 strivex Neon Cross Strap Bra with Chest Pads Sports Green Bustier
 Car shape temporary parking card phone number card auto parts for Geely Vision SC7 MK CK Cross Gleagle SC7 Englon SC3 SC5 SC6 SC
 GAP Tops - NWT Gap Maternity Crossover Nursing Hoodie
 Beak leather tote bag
==
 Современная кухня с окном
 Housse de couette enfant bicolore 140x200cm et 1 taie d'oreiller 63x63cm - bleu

WORK INSTRUCTIONS —
Reproduce exactly the entries above, limited to the lines from the one with "strivex Neon Cross" through the one with "Beak leather tote bag", both included.

WORKED SOLUTION —
 strivex Neon Cross Strap Bra with Chest Pads Sports Green Bustier
 Car shape temporary parking card phone number card auto parts for Geely Vision SC7 MK CK Cross Gleagle SC7 Englon SC3 SC5 SC6 SC
 GAP Tops - NWT Gap Maternity Crossover Nursing Hoodie
 Beak leather tote bag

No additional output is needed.